Steve Hatcher - If these are separate in structured formats, ie. hCard formating, then more than one address can exist on the page.

Tom Crandall - If Google can crawl the corresponding NAP (name, address, phone number), or elements of the NAP, despite the existence of additional locations, it may give the Places page a slight boost. Because this information is important to the search user experience, it makes sense to consider it a factor.

John Biundo - Possibly a negative ranking factor. You may dilute Google's confidence that you really are the business owner at the associated address if you have multiple (different) addresses on the page.

Andrew Shotland - Potentially spammy.

Shagun Vatsa - Listing multiple addresses on the same landing page is definitely a negative local ranking factor. Each location should be allocated its own landing page to ensure Google picks up each of them as a citation. Having multiple addresses on the same landing page also takes away from achieving high organic search rankings for local keywords.

-7
Listing PO Box on Website without a Physical Address
-1.61
significant negative
(↓0.68)
1.34
moderate agreement

Ian Lurie - C'mon, everyone: The search engines have figured out this trick.

"C'mon, everyone: The search engines have figured out this trick."
--Ian Lurie

Mike Ramsey - You basically forfeit your site as a location prominance builder by doing this.

Dev Basu - I wouldn't use the phrase 'PO Box' as PO Box's aren't allowed under Place Page guidelines. Hence, having them on your website's landing pages wouldn't seem to help either.

Andrew Shotland - And I used to love this one. Sigh.

Ash Nallawalla - I haven't seen a PO box result in the local rankings for some years, although I believe it is OK now.

Shagun Vatsa - While they were allowed last year, having P.O Boxes is against the Google Places guidelines making them a negative local ranking factor.

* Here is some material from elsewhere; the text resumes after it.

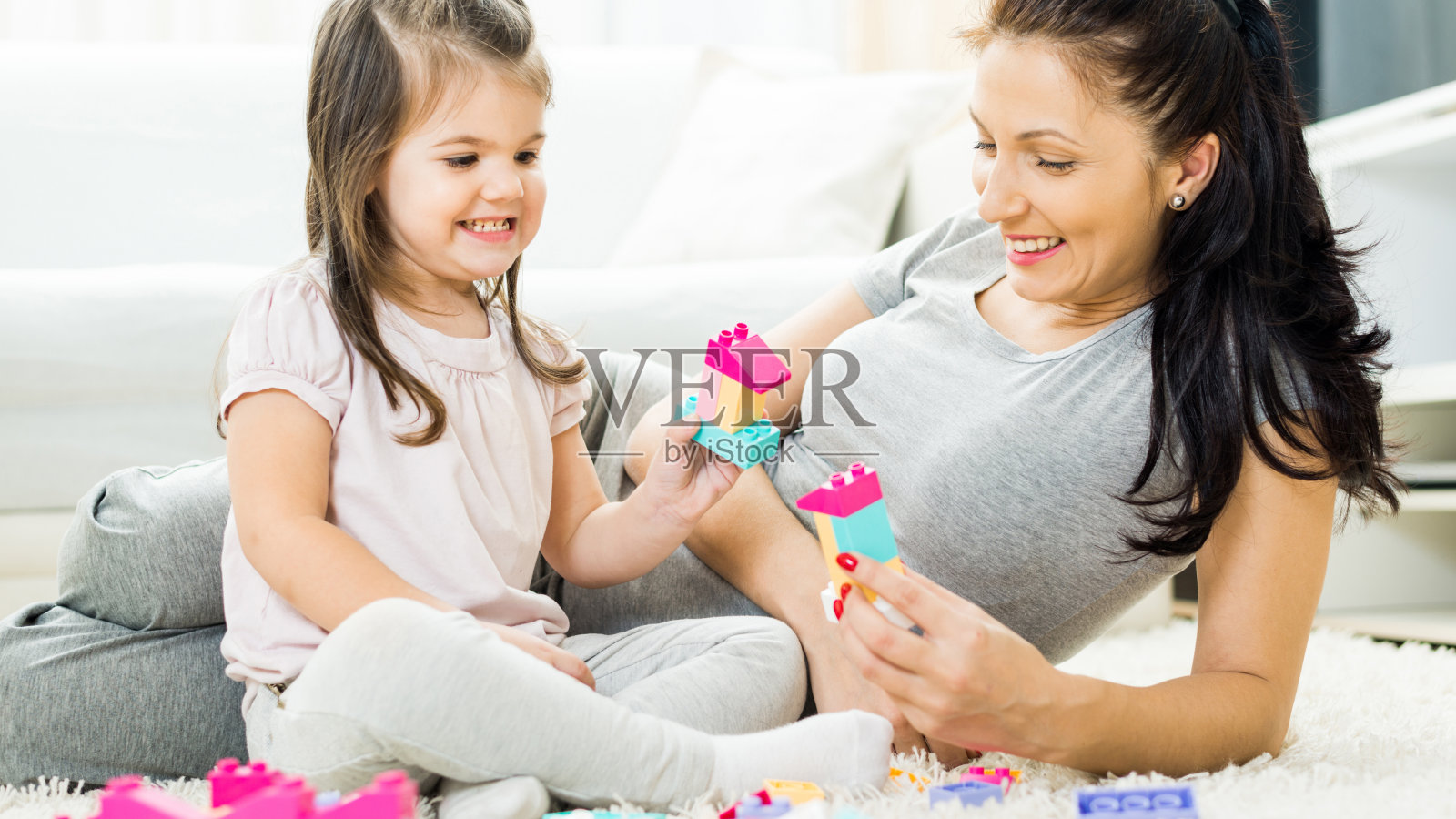 丰富多彩的多维数据集照片摄影图片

Tom Crandall - I don't believe this affects local ranking. However, I recommend using the corresponding physical address on the Places page URL if applicable.

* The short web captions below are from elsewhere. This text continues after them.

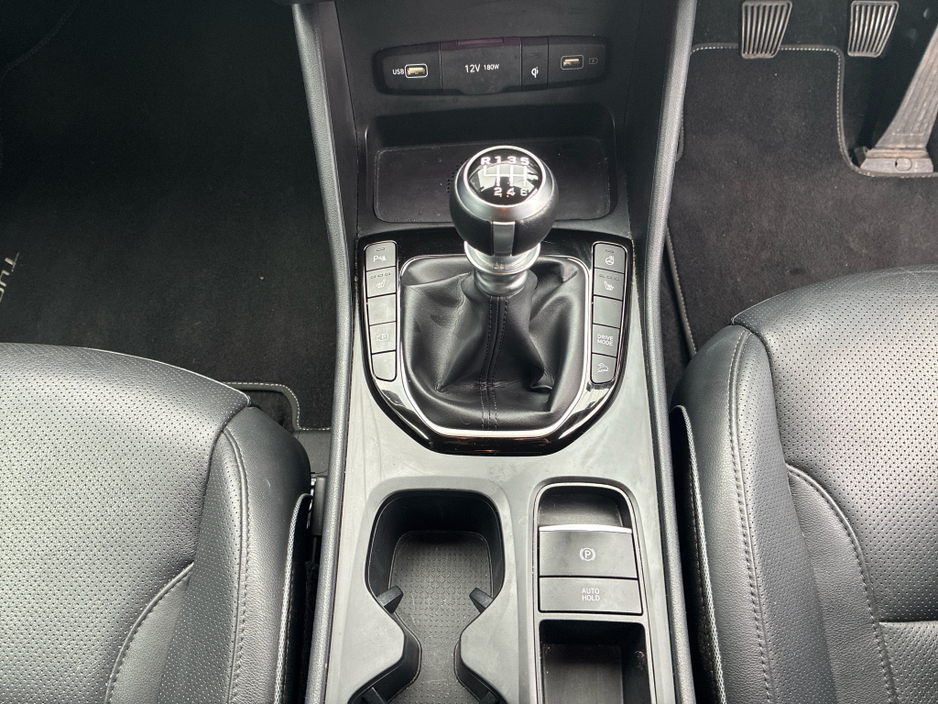 2023 Hyundai Tucson - image 12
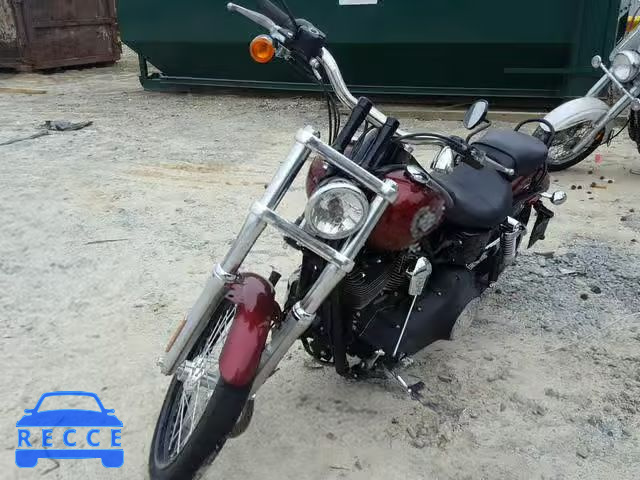 2016 HARLEY-DAVIDSON FXDWG DYNA 1HD1GPM19GC303376 image 1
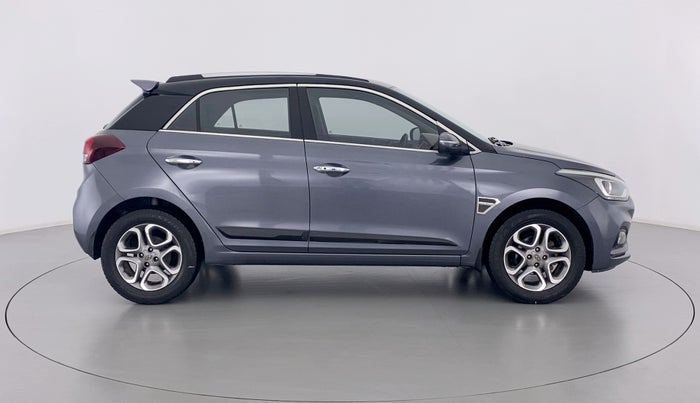 2018 Hyundai Elite i20 ASTA 1.2 (O), Petrol, Manual, 97,740 km, Right Side View
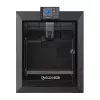 QIDI Q2C 3D Printer - Täielikult suletud FDM-printer 200x200x200 mm ehitusmahuga, otsaajamiga ekstruuder, PEI magnetiline ehitusplaat, Wi-Fi ja puuteekraan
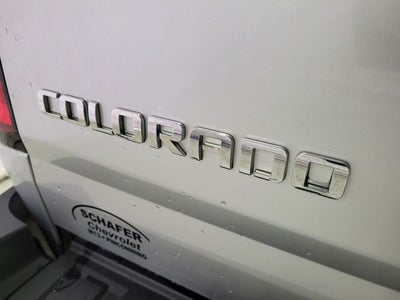 2015 Chevrolet Colorado LT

Off-Page / Off-Listing Criteria

4
Quantity of Citations from Major Data Providers + IYP Portals
3.53
high importance
(↓0.57)
1.20
moderate agreement

Tom Crandall - The most powerful off-page factor is web citations. Aside from well-known, trusted directories and data providers, web citations from vertical directories and local directories (such as Atlanta.com, a Local.com property) are highly recommended.

"The most powerful off-page factor is web citations."
--Tom Crandall

Shagun Vatsa - This is definitely a determining factor. Having a 100% optimized profile is not enough if you don't have citations to back up your business information. Local links from citation sources such as vertical directories, IYP sites builds trust for a business and provides Google with uniform information.

Paul Jahn - Although it can work great, the data itself can often be incorrect.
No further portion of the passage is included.